European starlings (both male and female) produce long, spectrotemporally rich and individualized songs composed of repeating, shorter acoustic segments known as ‘motifs’ that are learned over the bird’s lifespan. Motifs are on the order of 0.5 to 1.5 s in duration, and largely unique to each individual. To create all the stimuli for these experiments, we used a large library of previously recorded natural starling songs as stimuli (Arneodo et al., 2019) . Original song samples were recorded from fourteen European starlings at either 44.1 or 48 kHz (16-bit) over the course of several days to weeks, at various points throughout the year in sound-isolated chambers. Some birds were administered testosterone before audio recordings to increase singing behavior.

To construct training stimuli for the Temporal Convolutional Model (TCM) neural network, we downsampled each song waveform in the zenodo database to 24 kHz and computed its corresponding STFT spectrogram with NFFT=128, a Hanning window of length 128, and 50% window overlap. We excluded the DC component and log scaled the spectrogram magnitudes. To reduce their dimensionality, we averaged pairwise neighboring time-bins twice and frequency bins once as in (Kozlov & Gentner, 2016)yielding spectrograms with 32 frequency bins and approximately 10.5 ms time bins. We then parsed spectrograms into segments of 32 time bins in length (ca. 336 ms), with neighboring segments offset by a single time step (10.5 ms). The set of resulting 32 x 32 (1024) dimensional spectrogram segments served as inputs for the TCM network training. We paired each input spectrogram segment with the immediately following, non-overlapping segment from the same song, which became the output training target of the TCM network (see Figure 1). We refer to the input and output segments as the “current” and “future” segments, respectively. We reserved 10% of the training set as a validation subset.

Starlings produce long, spectrotemporally rich, and individualized songs composed of repeating, shorter acoustic segments known as “motifs” that are learned over the bird's lifespan. Motifs are on the order of 0.5–1.5 s in duration. During electrophysiological recording sessions, we presented five one-minute long natural birdsongs and short synthetic songs each consisting of 1-5 natural birdsong motifs. The songs and motifs were manually extracted from a larger library of natural starling songs produced by several singers. The synthetic songs were created using motifs from eleven singers. The singers featured in our test stimuli are different from the ones employed during the training phase. Original song samples were recorded from European starlings at either 44.1 or 48 kHz (16-bit).

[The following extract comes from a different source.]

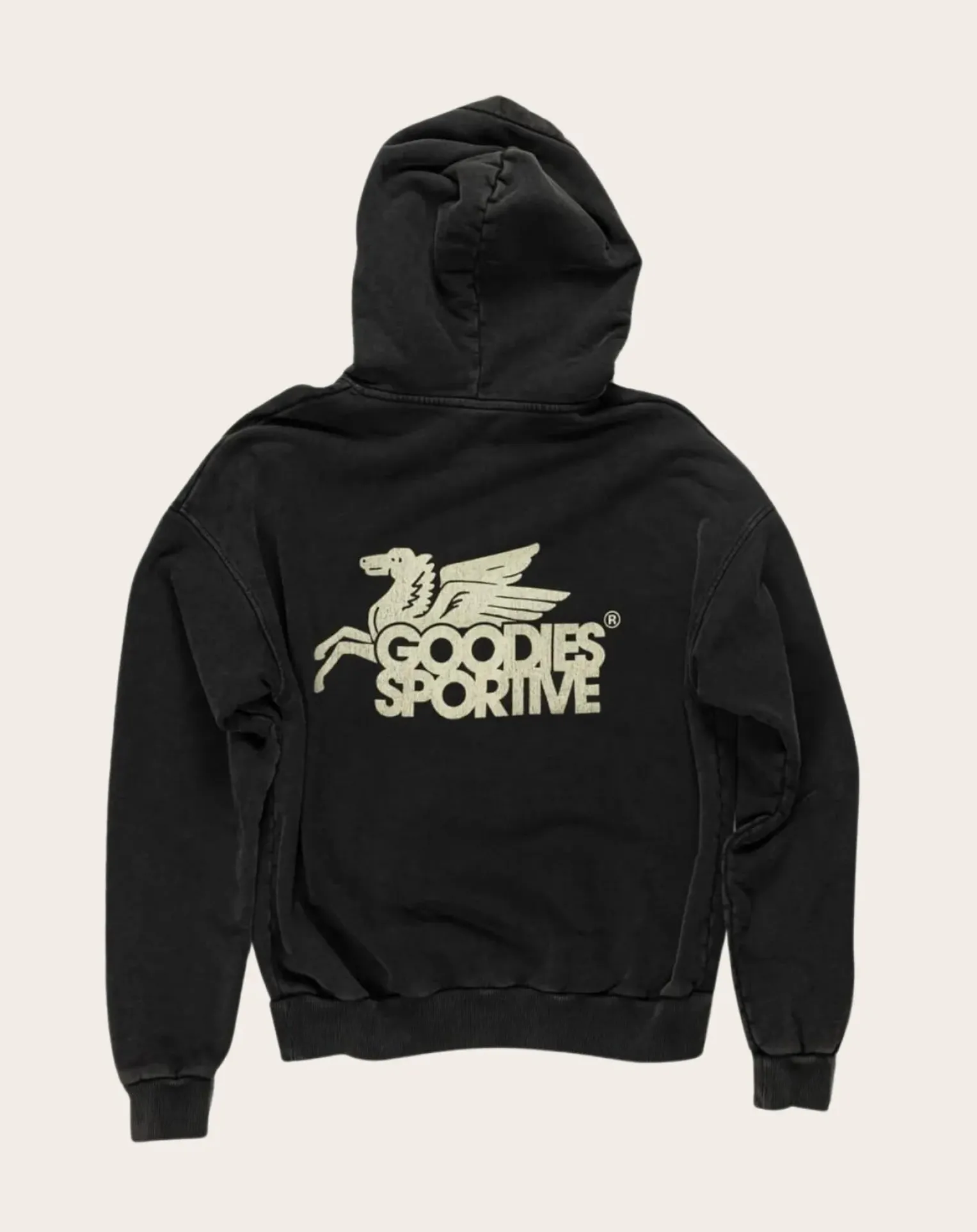 Pegasus black vintage hoodie in organic cotton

We trained a neural network model to generate predictions of song on the timescale of the approximate average length of starling song motifs. Specifically, the network takes a 336ms song segment as input and predicts the next immediate future song segment of the same length.

The TCM neural network (Figure 1) comprises both an encoder and a decoder. The encoder is a combination of 5 convolutional layers and a fully connected layer, projected to a 256 dimensional latent space, and a mirror image decoder with a fully connected layer and 5 deconvolutional layers (Table 1). Convolutional layers used different numbers of 3´3 filters and rectified linear unit (ReLU) as the nonlinear activation function. Batch normalization was not used. The TCM network served as our proxy for the internal generative model, and we used the 256-d latent space to represent the features of any given input (current segment) that are most predictive of the output (future segment). As a control representation of all the spectro-temporal features in song, we trained a convolutional autoencoder to the TCM network, except that it learned to reconstruct the current (input) segment rather than the future.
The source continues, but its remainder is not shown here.